Ana, ao ler tua poesia, e procurar fazer algo de tantas referências e relações, a sensação de vertigem (característica da mise en abyme) é forte, é real. Por isso foi preciso procurar algum fio que guiasse o pensamento, se não de volta para casa, pelo menos traçando uma rota com sentido, pelos corredores. É preciso se segurar em algo ao ler você, é preciso achar um fio de Ariadne, que garantia a Teseu o retorno do labirinto do Minotauro. Esta não é, insisto, uma metáfora exagerada. O fio condutor não é uma intenção tão racional quanto podemos querer expressar nas nossas páginas bem justificadas e nas apresentações em congressos. Nós, leitoras e leitores do mundo, estamos tentando não nos perder. Especialmente nós, teus leitores, Ana. Insisto, porém: o fio escolhido aqui não é fio inventado, mas achado. Está lá para quem quiser seguir, espero consegui demonstrá-lo.

A posição-mulher, ou situação-mulher funciona como esse fio condutor encontrado (não necessariamente escolhido), que permite desenhar, no labirinto inesgotável de referências, não um sentido, uma forma fixa, mas um caminho de leitura específico. Com ele, foi se tornando possível tecer relações significativas entre as partes do labirinto (os poemas e referências intertextuais), e situar, talvez mais solidamente, algo que me parece uma proposta tua, Ana, em relação ao seu lugar num outro labirinto maior, o labirinto da tradição literária. "Uma canção manifesta onde estou." (CESAR, 1999: 240)

Tenho certeza, porém, de que existe um número infinito de caminhos a se traçar nesse labirinto construído por você, cada um levando de e a algum lugar diferente, traçando um desenho diferente pela sua poesia em diálogos.
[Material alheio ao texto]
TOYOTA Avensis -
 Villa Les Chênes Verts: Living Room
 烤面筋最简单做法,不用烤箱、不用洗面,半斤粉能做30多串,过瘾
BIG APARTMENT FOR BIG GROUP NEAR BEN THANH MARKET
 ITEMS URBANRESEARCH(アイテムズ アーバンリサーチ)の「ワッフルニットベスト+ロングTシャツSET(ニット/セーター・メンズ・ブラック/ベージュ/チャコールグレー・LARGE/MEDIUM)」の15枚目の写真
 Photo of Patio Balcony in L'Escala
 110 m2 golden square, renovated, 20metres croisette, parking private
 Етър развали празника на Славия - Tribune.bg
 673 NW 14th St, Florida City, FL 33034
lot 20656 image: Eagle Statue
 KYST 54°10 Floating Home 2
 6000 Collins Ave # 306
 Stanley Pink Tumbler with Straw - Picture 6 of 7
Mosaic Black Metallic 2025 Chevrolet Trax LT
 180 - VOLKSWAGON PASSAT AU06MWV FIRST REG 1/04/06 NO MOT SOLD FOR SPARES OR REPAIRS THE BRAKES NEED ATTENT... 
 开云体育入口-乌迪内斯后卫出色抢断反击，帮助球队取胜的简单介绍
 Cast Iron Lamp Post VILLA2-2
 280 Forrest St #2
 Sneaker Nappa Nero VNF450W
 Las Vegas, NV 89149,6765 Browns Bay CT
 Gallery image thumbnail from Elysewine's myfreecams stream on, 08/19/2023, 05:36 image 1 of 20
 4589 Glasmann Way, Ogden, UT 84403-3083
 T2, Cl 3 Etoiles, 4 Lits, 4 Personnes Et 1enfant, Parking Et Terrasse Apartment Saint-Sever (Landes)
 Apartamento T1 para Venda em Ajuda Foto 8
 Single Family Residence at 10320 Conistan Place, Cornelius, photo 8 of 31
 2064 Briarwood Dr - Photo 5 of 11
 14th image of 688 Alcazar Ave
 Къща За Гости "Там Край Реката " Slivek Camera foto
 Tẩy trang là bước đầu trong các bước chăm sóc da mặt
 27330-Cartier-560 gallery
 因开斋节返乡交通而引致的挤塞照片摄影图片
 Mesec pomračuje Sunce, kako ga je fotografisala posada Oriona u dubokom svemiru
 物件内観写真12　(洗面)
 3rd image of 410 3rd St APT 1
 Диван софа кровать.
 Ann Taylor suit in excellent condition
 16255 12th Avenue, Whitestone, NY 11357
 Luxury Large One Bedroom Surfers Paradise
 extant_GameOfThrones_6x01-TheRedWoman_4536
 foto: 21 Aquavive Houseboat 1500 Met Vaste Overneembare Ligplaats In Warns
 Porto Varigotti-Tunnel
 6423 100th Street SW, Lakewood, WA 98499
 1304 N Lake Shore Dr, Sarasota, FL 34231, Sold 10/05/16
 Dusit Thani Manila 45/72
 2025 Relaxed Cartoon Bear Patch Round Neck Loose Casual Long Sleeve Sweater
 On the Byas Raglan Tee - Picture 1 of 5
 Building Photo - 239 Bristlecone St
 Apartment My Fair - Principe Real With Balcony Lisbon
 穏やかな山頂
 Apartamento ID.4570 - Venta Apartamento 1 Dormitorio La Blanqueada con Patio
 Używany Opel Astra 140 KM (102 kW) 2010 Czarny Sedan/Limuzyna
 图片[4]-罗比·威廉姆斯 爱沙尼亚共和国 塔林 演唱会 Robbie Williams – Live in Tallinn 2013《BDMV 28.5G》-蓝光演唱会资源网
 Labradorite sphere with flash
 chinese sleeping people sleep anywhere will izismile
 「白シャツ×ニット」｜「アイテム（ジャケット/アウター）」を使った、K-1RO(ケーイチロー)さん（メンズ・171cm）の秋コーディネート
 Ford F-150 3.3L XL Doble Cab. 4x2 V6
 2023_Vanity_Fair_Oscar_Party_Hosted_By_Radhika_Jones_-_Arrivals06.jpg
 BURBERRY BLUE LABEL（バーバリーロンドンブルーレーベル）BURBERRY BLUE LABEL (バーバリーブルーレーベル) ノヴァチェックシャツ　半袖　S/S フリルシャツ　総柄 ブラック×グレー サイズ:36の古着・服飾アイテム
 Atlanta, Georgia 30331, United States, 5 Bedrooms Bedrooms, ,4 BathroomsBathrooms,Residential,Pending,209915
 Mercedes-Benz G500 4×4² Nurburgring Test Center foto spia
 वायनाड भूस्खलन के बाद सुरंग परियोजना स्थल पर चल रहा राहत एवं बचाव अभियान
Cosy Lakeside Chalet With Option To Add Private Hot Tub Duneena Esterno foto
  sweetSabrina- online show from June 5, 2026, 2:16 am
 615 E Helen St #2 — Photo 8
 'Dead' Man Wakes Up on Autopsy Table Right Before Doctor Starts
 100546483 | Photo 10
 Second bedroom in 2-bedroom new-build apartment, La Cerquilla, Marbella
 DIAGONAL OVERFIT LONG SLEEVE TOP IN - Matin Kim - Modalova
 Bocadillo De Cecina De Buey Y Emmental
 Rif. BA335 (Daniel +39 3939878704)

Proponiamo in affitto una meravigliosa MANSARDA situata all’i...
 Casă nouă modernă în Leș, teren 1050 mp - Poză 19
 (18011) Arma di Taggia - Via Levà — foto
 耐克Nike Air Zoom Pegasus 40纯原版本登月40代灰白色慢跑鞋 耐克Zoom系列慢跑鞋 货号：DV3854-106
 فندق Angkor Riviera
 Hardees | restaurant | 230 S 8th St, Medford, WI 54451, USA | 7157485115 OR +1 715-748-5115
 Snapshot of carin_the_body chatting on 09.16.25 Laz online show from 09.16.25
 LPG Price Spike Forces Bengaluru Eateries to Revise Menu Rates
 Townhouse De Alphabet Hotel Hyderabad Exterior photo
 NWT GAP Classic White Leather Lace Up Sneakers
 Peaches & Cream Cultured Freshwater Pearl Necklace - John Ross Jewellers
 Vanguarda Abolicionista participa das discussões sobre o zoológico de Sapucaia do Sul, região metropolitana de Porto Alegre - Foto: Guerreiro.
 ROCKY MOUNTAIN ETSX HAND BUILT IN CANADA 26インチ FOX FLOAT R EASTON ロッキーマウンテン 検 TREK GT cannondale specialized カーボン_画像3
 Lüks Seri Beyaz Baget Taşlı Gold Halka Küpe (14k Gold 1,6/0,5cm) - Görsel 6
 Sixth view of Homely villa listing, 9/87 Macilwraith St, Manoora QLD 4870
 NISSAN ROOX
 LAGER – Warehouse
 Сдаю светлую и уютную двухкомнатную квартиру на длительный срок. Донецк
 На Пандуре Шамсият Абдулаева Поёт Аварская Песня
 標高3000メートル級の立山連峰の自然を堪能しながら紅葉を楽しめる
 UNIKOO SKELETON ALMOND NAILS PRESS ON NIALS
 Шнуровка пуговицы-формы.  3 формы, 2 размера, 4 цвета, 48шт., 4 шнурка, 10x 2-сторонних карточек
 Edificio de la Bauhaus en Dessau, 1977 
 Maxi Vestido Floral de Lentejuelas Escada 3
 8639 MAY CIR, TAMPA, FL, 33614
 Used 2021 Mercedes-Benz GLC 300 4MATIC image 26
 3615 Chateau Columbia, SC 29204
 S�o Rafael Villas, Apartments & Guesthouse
Não tenho a mais remota pretensão de apontar este caminho como único, ou aquele que leva ao "lugar certo". Até porque, se nosso fio de Ariadne é um fio de leitura feminina, diante dos castelos e imensos espelhos que distorcem da tradição literária – tradicionalmente masculina –, esse fio deve fazer curvas, ele não cabe na lógica discursiva ready-made, e não trabalha com caminhos únicos. Mas sabe que deve, insistentemente, resistente ao silêncio e ao vazio, propor um desenho no espaço.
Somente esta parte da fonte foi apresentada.